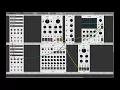 VCV Racks Basic Synth Tutorial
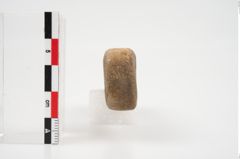 Foto von Schleifstein (NHMW-PRAE-026232)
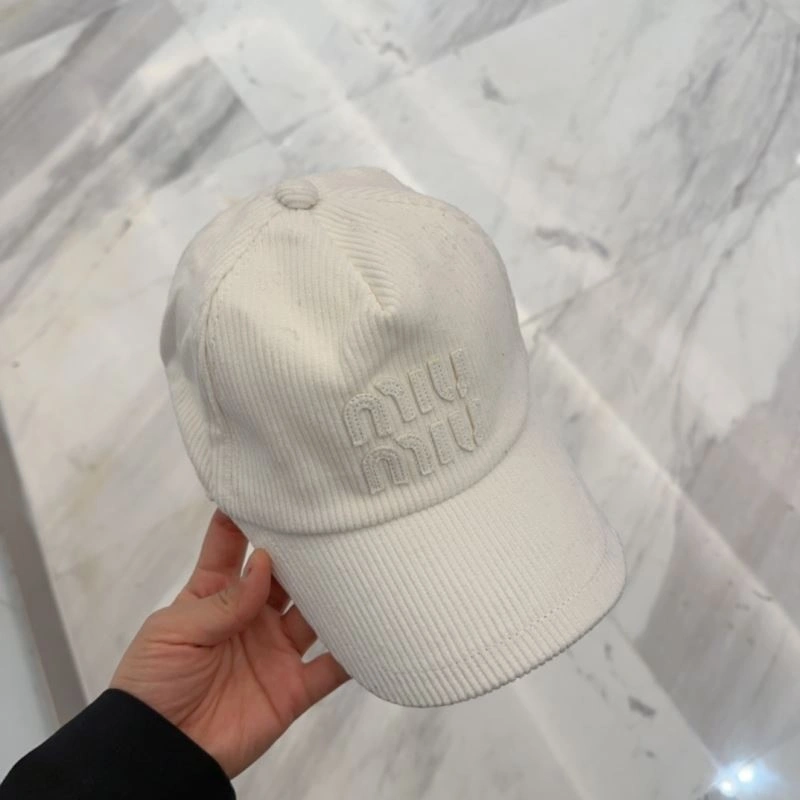BestValue Miu Miu Caps 257593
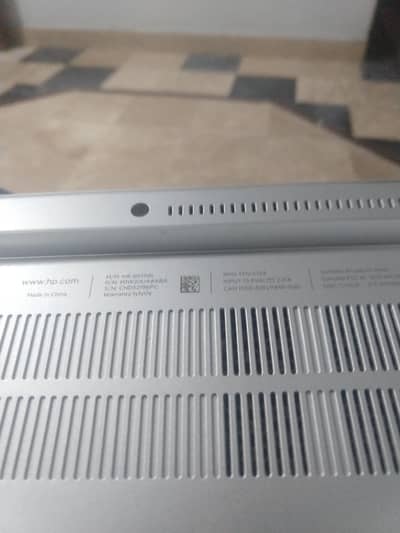HP Envy m6 - P113dx
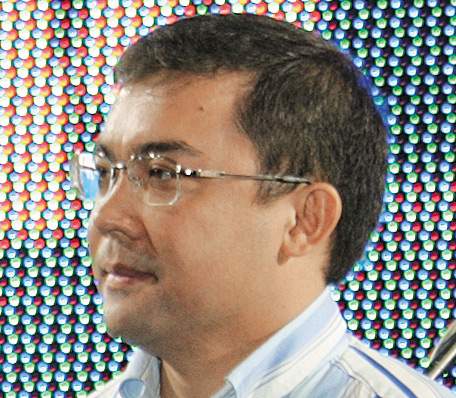 Айбар Даутов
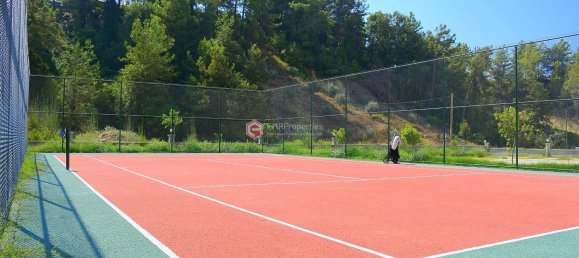 Apartamento 1+1 em Alanya, Turkey N.º 31422 12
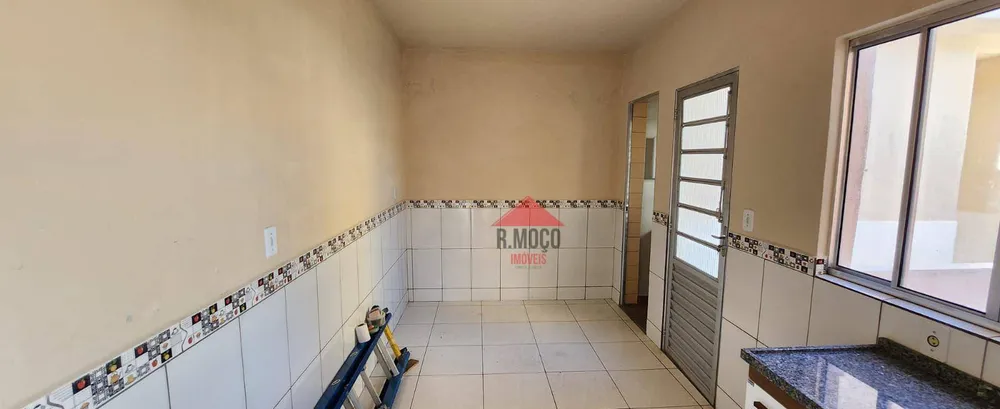 Casa, 1 quarto, 55 m² - Foto 8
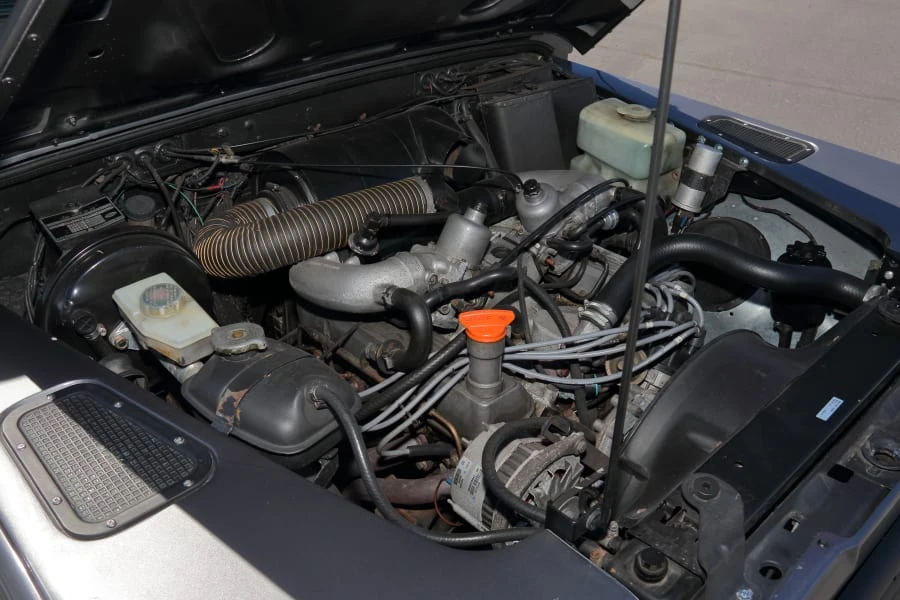 1990 Land Rover Defender - Image 24 of 25
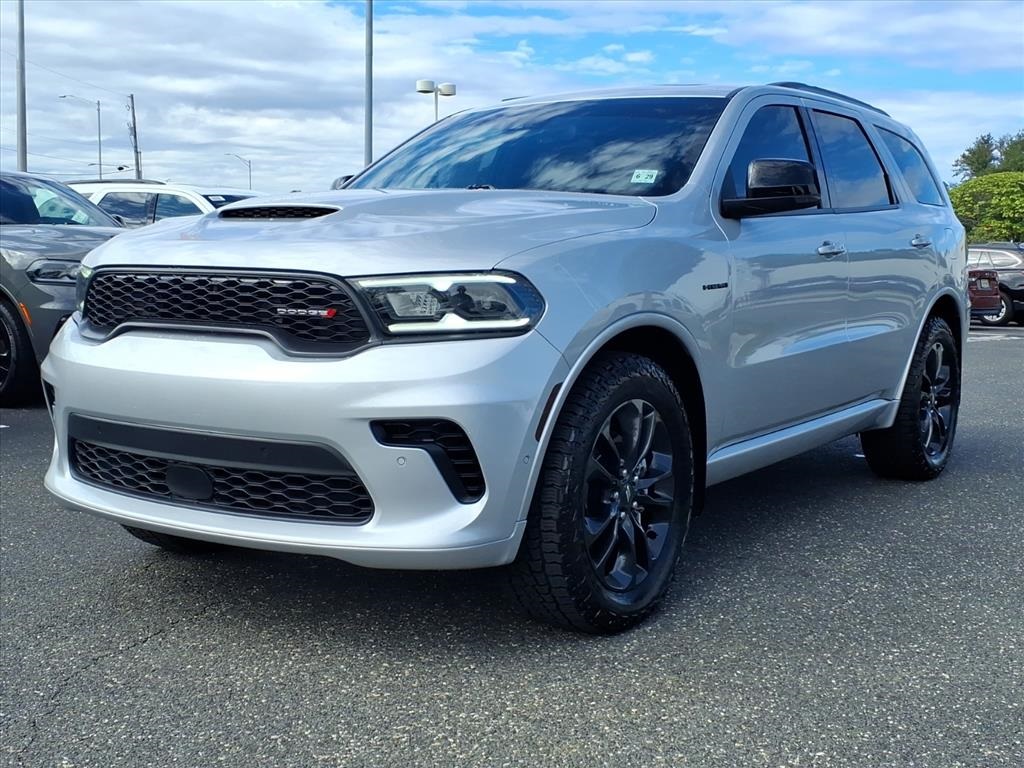 used 2024 Dodge Durango car, priced at $44,900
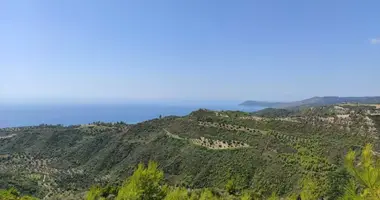 Terrain dans Kassandra Municipality, Grèce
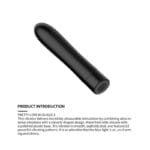 PRETTY LOVE - KIT DE PRODUCTOS PARA PAREJAS - Imagen 4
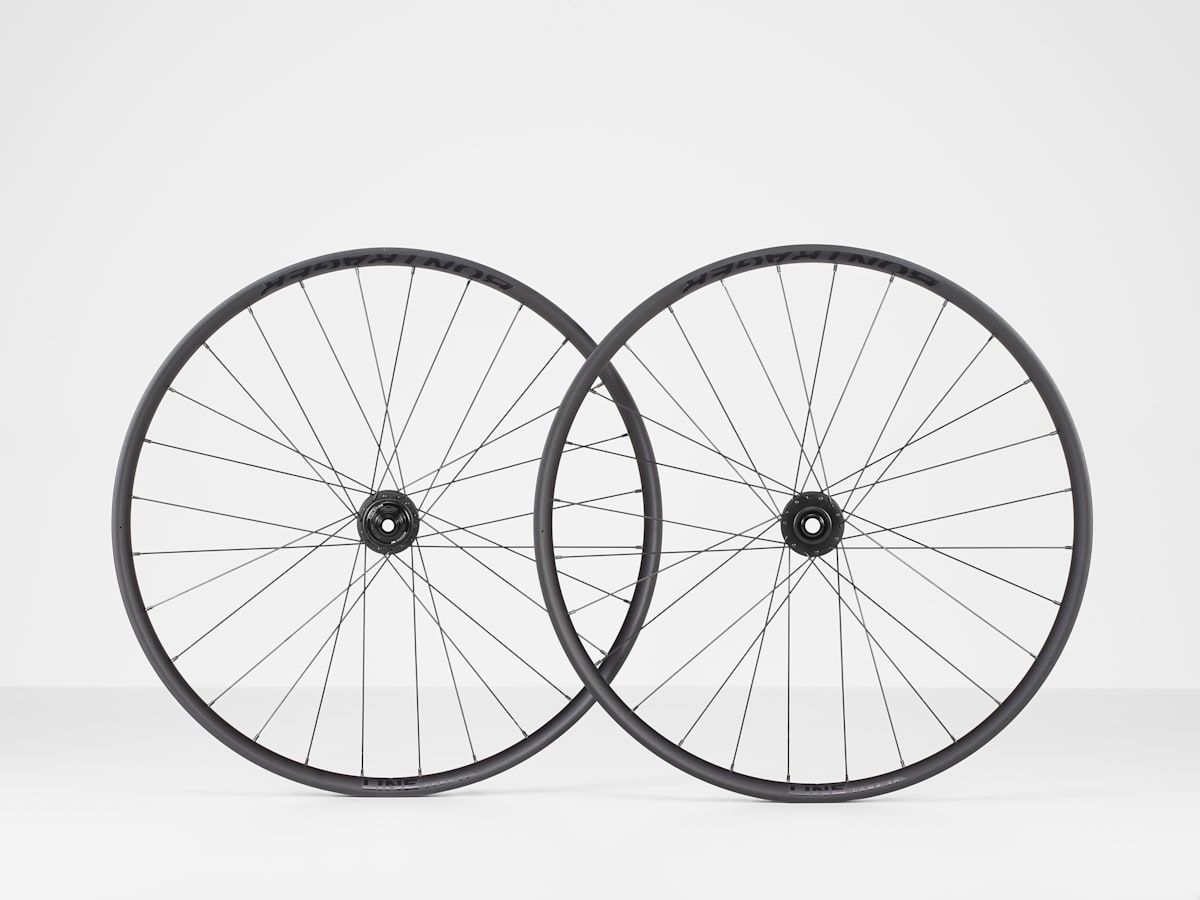 Bontrager Tubeless Ready ホイール BONTRAGER ( ボントレガー ) ロードバイク用ホイール(リム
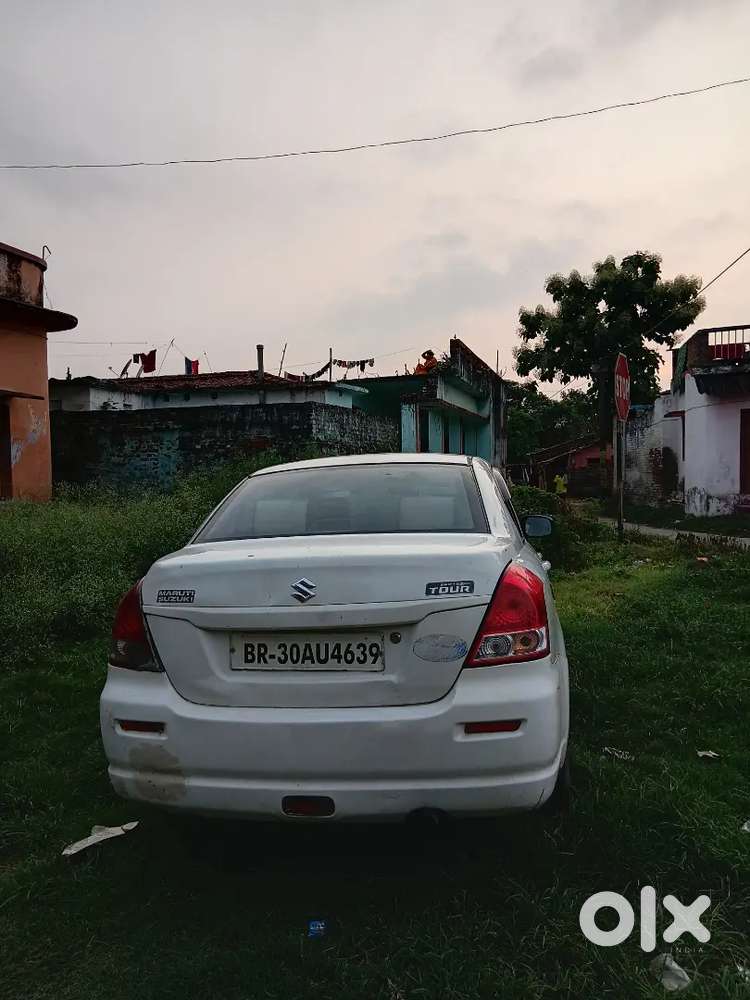 Maruti Suzuki Dzire 2016 Diesel 30000 Km Driven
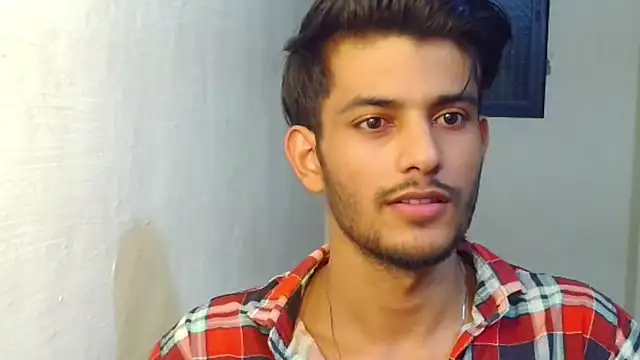 kingkartik7 online show from 10/22/25, 04:51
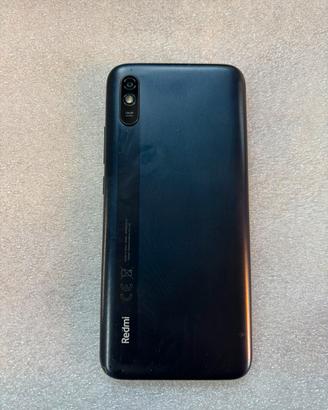 📱 Redmi 9A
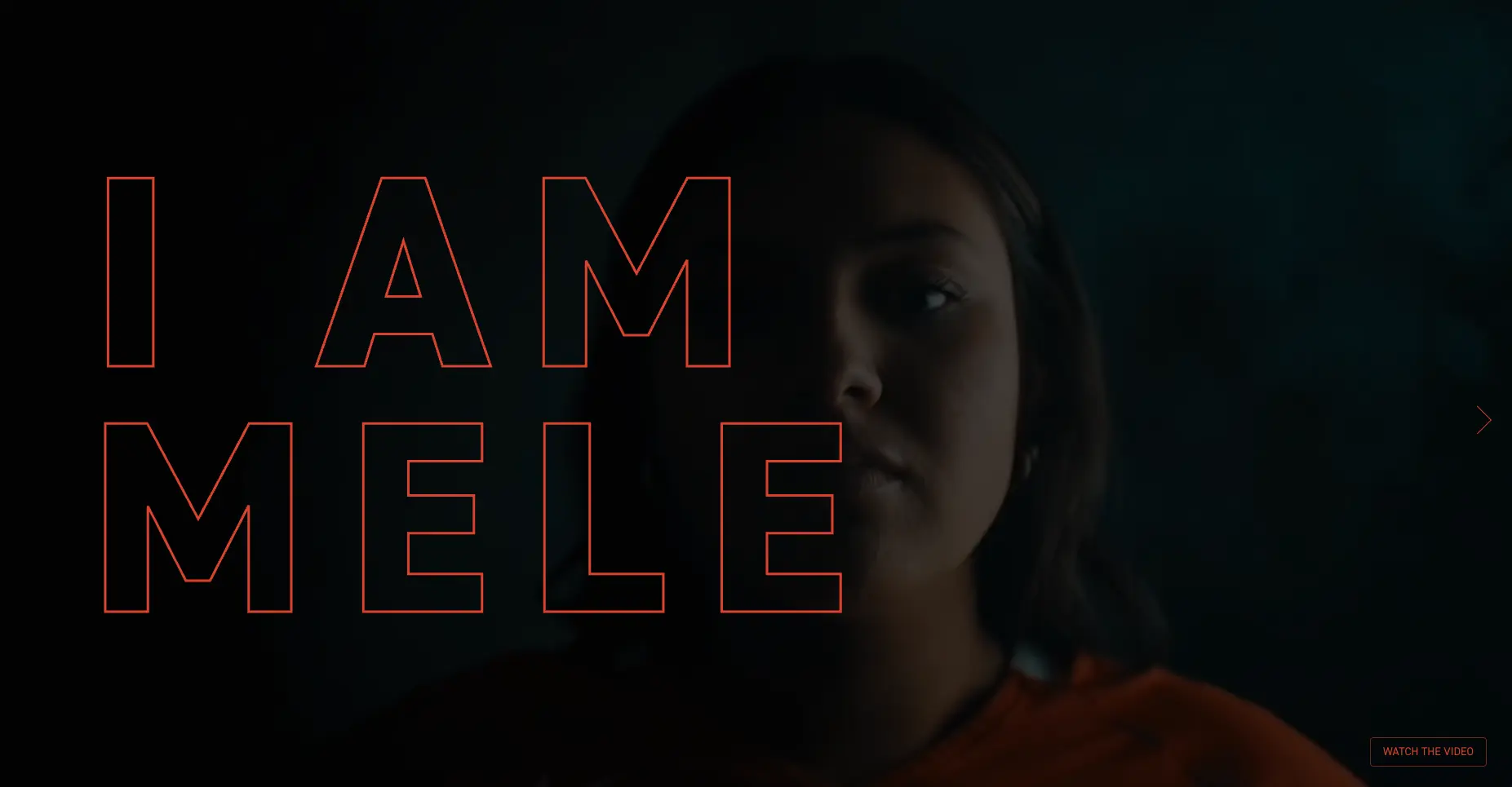I Am Mele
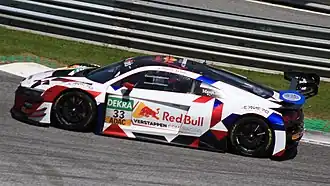 #33 Car Collection Motorsport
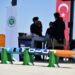 Roket Yarışması’nda final heyecanı başladı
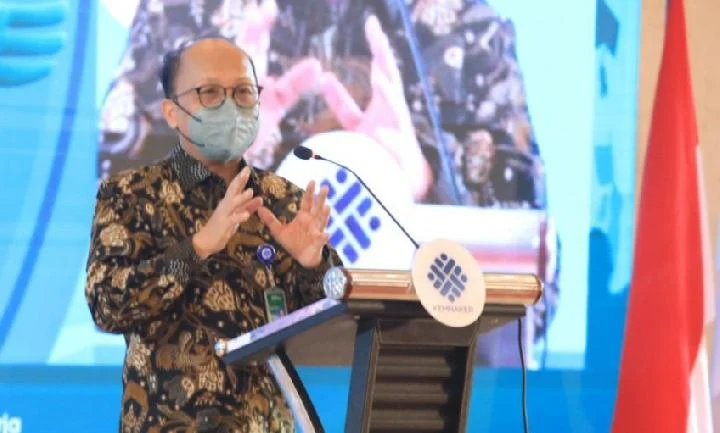 Pemerintah Dorong Kolaborasi Kampus dan Pemerintah untuk Membangun SDM Unggul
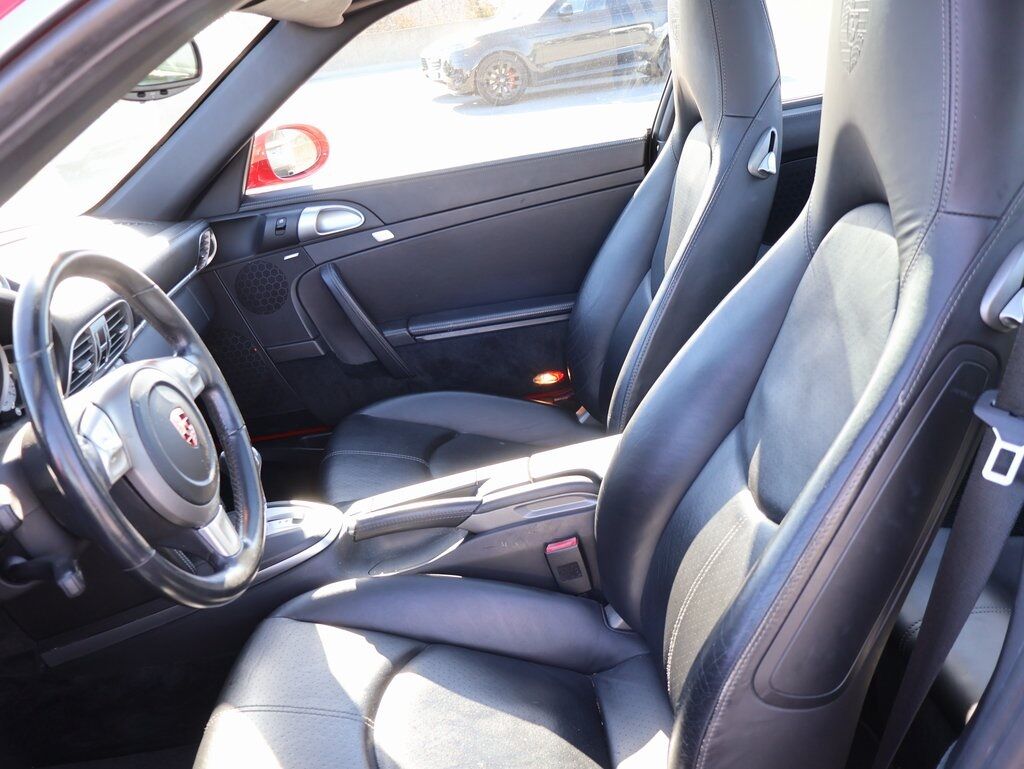 2007 Porsche 911 Targa 4S San Clemente CA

▶ _What to work on_
Leave every picture out and write out, word for word, the lines from the one that contains "1990 Land Rover Defender - Image 24 of 25" through the last line of the records.

▶ _Reply_
 1990 Land Rover Defender - Image 24 of 25
 used 2024 Dodge Durango car, priced at $44,900
 Terrain dans Kassandra Municipality, Grèce
 PRETTY LOVE - KIT DE PRODUCTOS PARA PAREJAS - Imagen 4
 Bontrager Tubeless Ready ホイール BONTRAGER ( ボントレガー ) ロードバイク用ホイール(リム
 Maruti Suzuki Dzire 2016 Diesel 30000 Km Driven
 kingkartik7 online show from 10/22/25, 04:51
 📱 Redmi 9A
I Am Mele
 #33 Car Collection Motorsport
 Roket Yarışması’nda final heyecanı başladı
 Pemerintah Dorong Kolaborasi Kampus dan Pemerintah untuk Membangun SDM Unggul
 2007 Porsche 911 Targa 4S San Clemente CA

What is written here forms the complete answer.